From the Editor: Social Determinants of Health
Of course our genes and our lifestyles contribute to our health risks, but equally important are factors that to some extent may be out of our individual control—the social determinants of health. The World Health Organization defines social determinants of health as “the conditions in which people are born, grow, work, live, and age, and the set of forces and systems shaping the conditions of daily life.”
Often dictated by economic factors such as the distribution of wealth, systems of power, and access to local and national resources—these aspects not only influence individual health and may be direct causes of chronic and infectious diseases but also are the drivers of health disparities among various population groups.

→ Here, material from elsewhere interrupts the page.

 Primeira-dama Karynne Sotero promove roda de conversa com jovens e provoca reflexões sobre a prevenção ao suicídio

Among social determinants are access to and quality of education and health care, discrimination, economic stability, poverty, employment, stable housing, food security, access to transportation, neighborhood factors including crime and violence, and environmental issues such as air quality. These and other social factors may contribute to cancers, stroke, type 2 diabetes, pulmonary diseases, kidney diseases, and, possibly, obesity.

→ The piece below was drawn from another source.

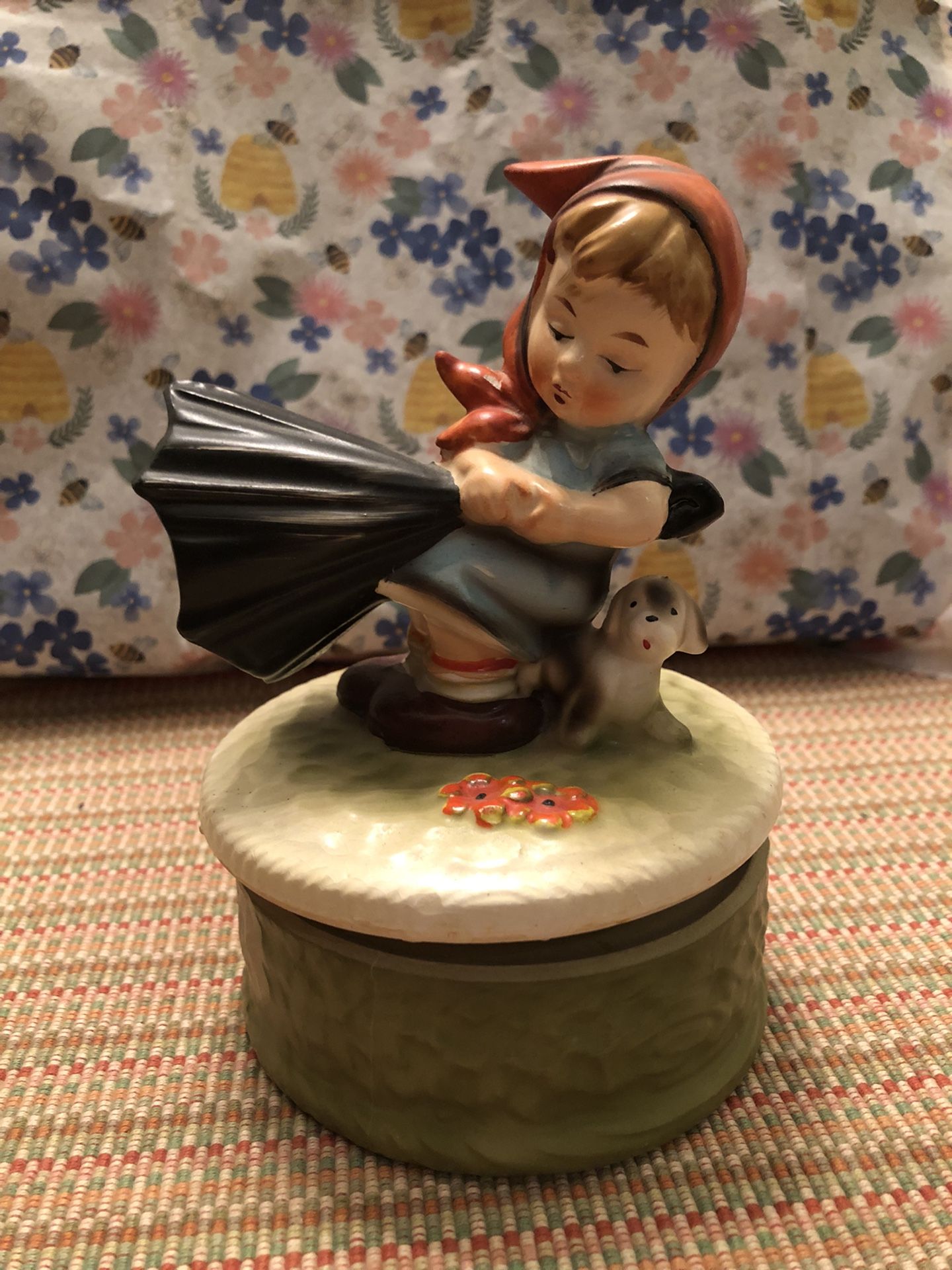 Hummel/ Goebel Music Box - Girl With Umbrella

In this issue, contributor Jennifer Lutz explores the social determinants of stroke by talking to experts about the factors that influence stroke and what role physicians can play in educating patients and improving outcomes. “When we think of stroke, stroke is a chronic illness, and like all chronic illness, we have to take into consideration every dimension of a person’s care,” Sharon Horesh Bergquist, MD, Rollins Distinguished Professor at Emory University, tells Lutz. “Beyond just the physical (which is the primary emphasis in health care) we must look at psychosocial and environmental factors. I think by asking those questions and helping people find ways to improve their psychosocial and environmental support, the physician can guide patients toward better health outcomes, even within the constraints of social determinants of health,” she explains.

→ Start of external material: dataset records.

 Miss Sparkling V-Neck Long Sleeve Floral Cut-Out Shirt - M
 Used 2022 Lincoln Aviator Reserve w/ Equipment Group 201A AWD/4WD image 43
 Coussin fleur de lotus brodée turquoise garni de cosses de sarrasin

Physicians and other clinicians can improve patient health by considering social determinants—asking questions beyond a basic history and gathering and sharing information about how patients may be affected by social and economic factors. Resources that can help clinicians and consumers alike learn more about programs and policy resources are available from leading health care organizations including the Centers for Disease Control and Prevention, the Office of Disease Prevention and Health Promotion, and the Agency for Healthcare Research and Quality. Providers can also act as community leaders, educating patients and the public about the impact of social determinants and advocating for health equity.